- Recorded data:

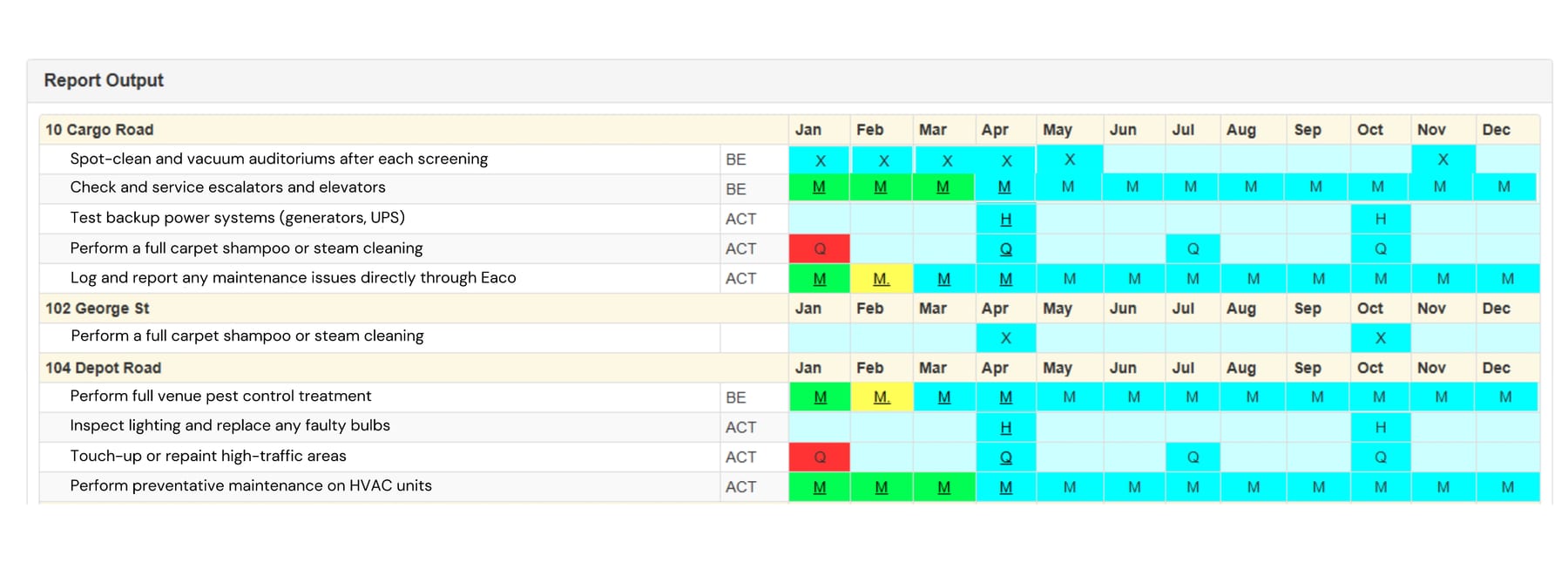 Example of Eaco's Cinemas & Theatres Maintenance Schedule Report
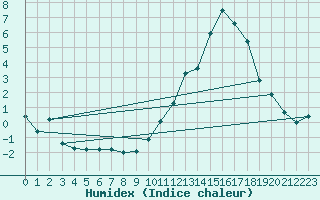 Courbe de l'humidex pour Montauban (82)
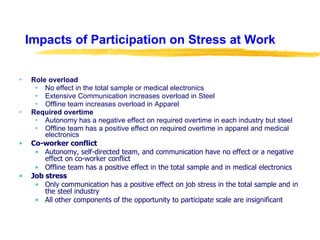 Impacts of Participation on Stress at Work Role overload No effect in the total sample or medical electronics Extensive Communication increases overload in Steel Offline team increases overload in Apparel Required overtime Autonomy has a negative effect on required overtime in each industry but steel Offline team has a positive effect on required overtime in apparel and medical electronics  Co-worker conflict Autonomy, self-directed team, and communication have no effect or a negative effect on co-worker conflict Offline team has a positive effect in the total sample and in medical electronics Job stress Only communication has a positive effect on job stress in the total sample and in the steel industry All other components of the opportunity to participate scale are insignificant 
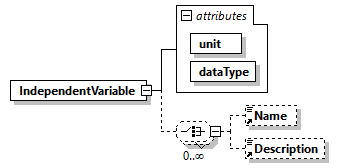 GreenBuildingXML_Ver7.02_p180.png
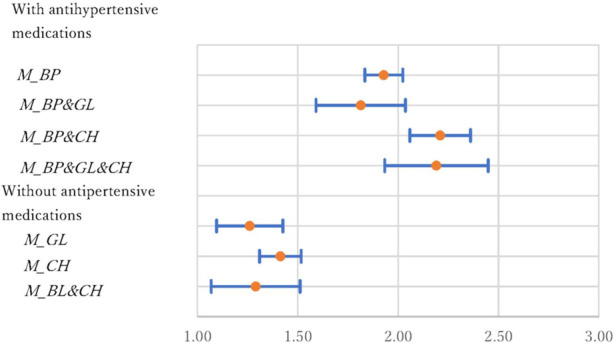 Odds ratios and 95% confidence intervals of medications in the HD model.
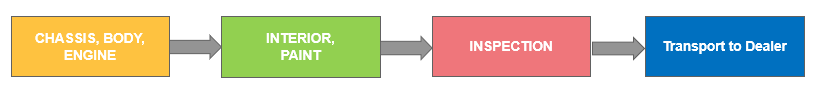 DevOps pipeline - An assembly line analogy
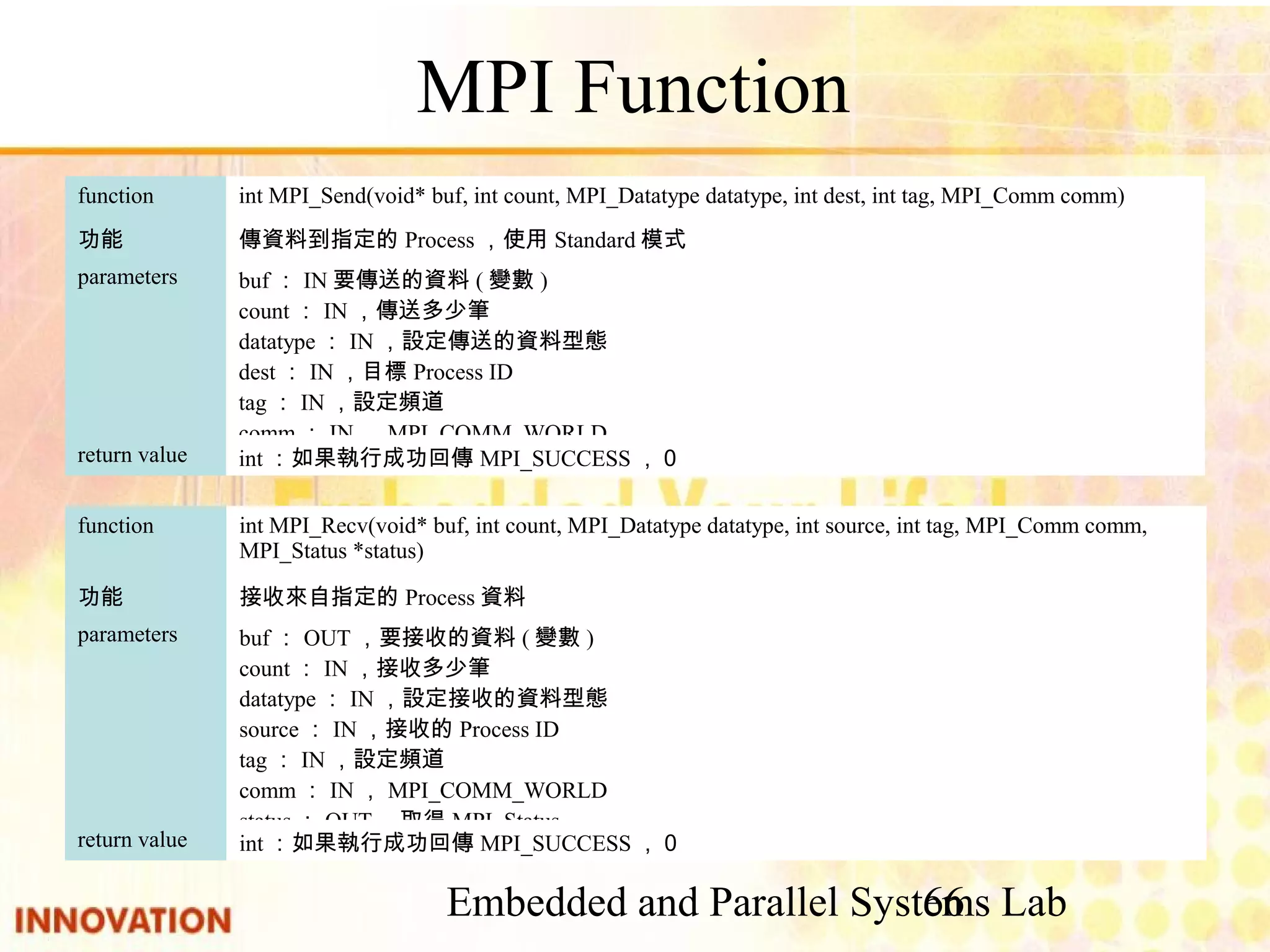 Embedded and Parallel Systems Lab 66 MPI Function int：如果執行成功回傳MPI_SUCCESS，０return value buf：IN要傳送的資料(變數) count：IN，傳送多少筆 datatype：IN，設定傳送的資料型態 dest：IN，目標Process ID tag：IN，設定頻道 comm：IN，MPI_COMM_WORLD parameters 傳資料到指定的Process，使用Standard模式功能 int MPI_Send(void* buf, int count, MPI_Datatype datatype, int dest, int tag, MPI_Comm comm)function int：如果執行成功回傳MPI_SUCCESS，０return value buf：OUT，要接收的資料(變數) count：IN，接收多少筆 datatype：IN，設定接收的資料型態 source：IN，接收的Process ID tag：IN，設定頻道 comm：IN，MPI_COMM_WORLD status：OUT，取得MPI_Status parameters 接收來自指定的Process資料功能 int MPI_Recv(void* buf, int count, MPI_Datatype datatype, int source, int tag, MPI_Comm comm, MPI_Status *status) function 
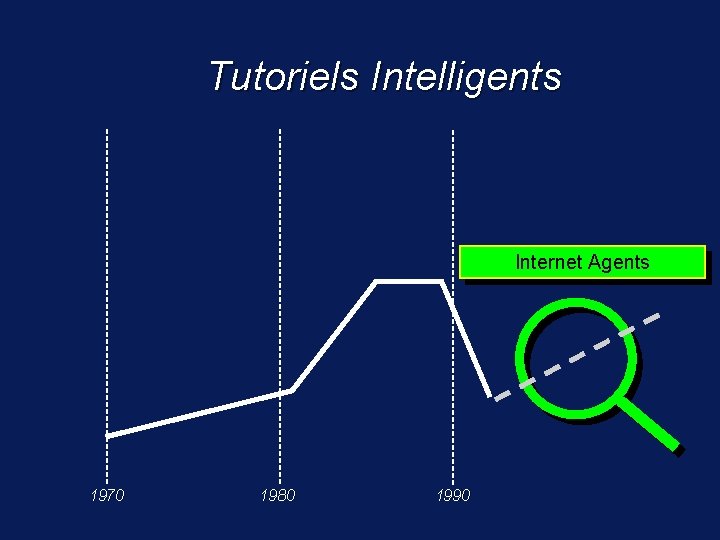 Tutoriels Intelligents Internet Agents 1970 1980 1990 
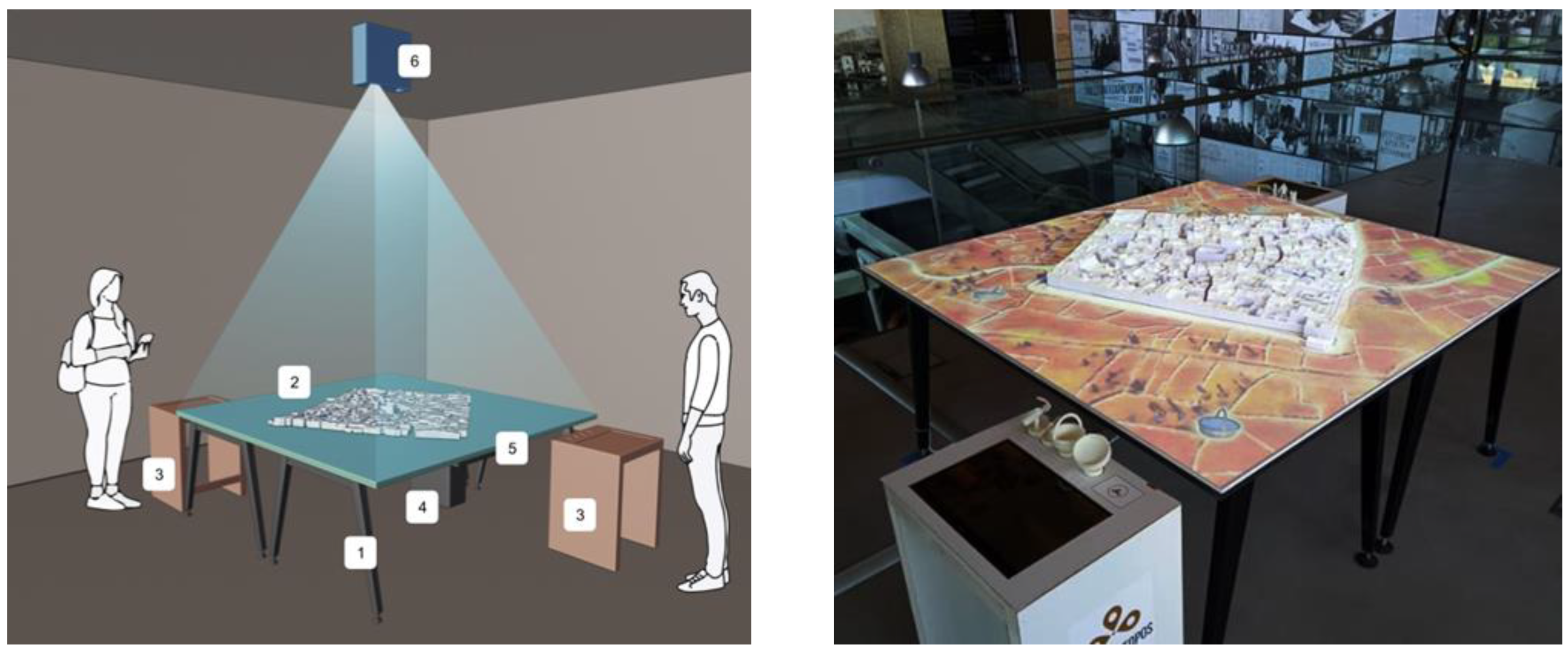 Heritage 05 00056 g005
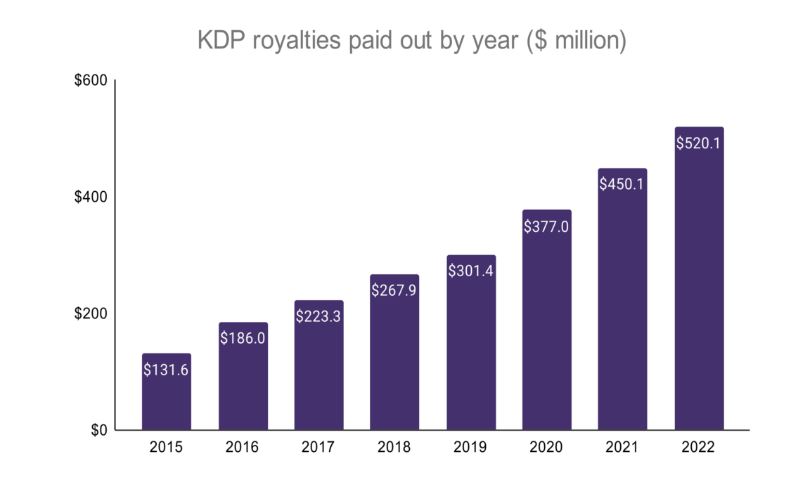 Amazon KDP Royalties historical payout chart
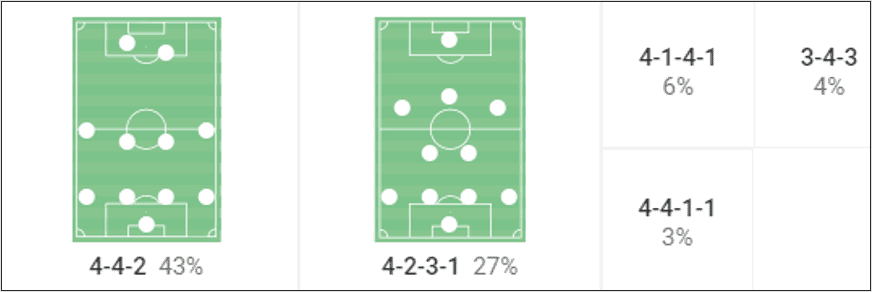 Stuttgart 2023/24: Their tactics under Sebastian Hoeneß - scout report tactical analysis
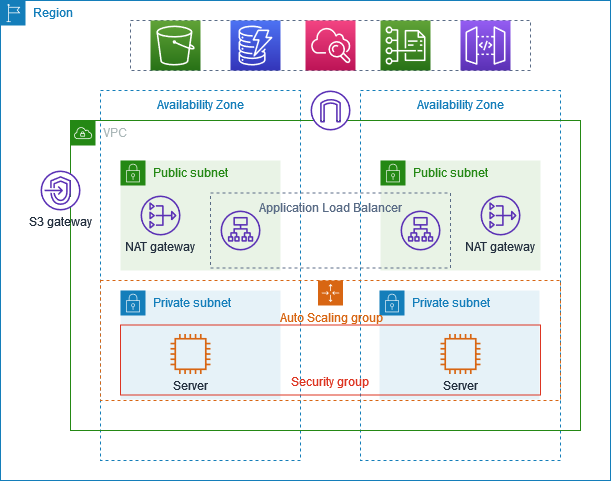 VPC Example Private Subnets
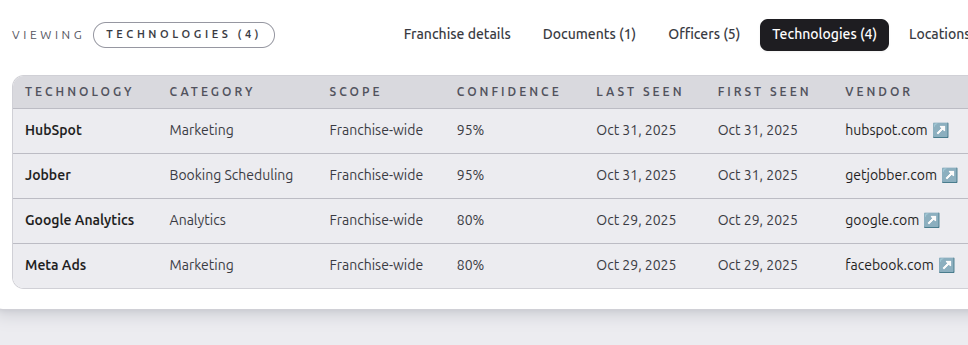 Franchisefox technology detection table highlighting franchise tech stack coverage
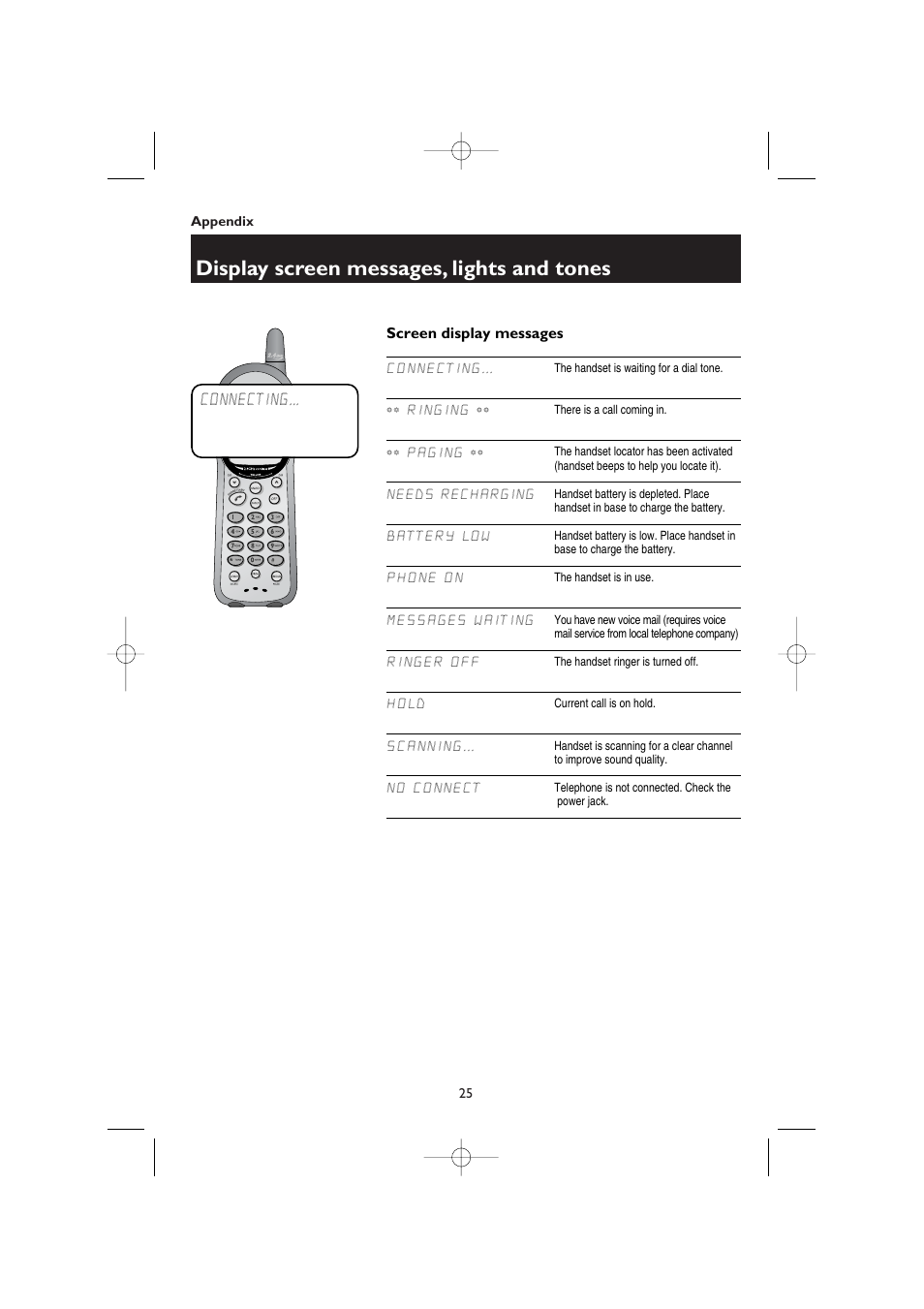 Appendix, Display screen messages, lights and tones, Screen display messages | Connecting, Ringing, Paging, Needs recharging, Battery low, Phone on, Messages waiting | AT&T 1145 User Manual | Page 27 / 35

- Exercise: Copy nothing but the lines above that run from the one with "Tutoriels Intelligents Internet" to the one with "VPC Example Private Subnets", ends included; pictures stay out.

- The completed task:
 Tutoriels Intelligents Internet Agents 1970 1980 1990 
 Heritage 05 00056 g005
 Amazon KDP Royalties historical payout chart
 Stuttgart 2023/24: Their tactics under Sebastian Hoeneß - scout report tactical analysis
 VPC Example Private Subnets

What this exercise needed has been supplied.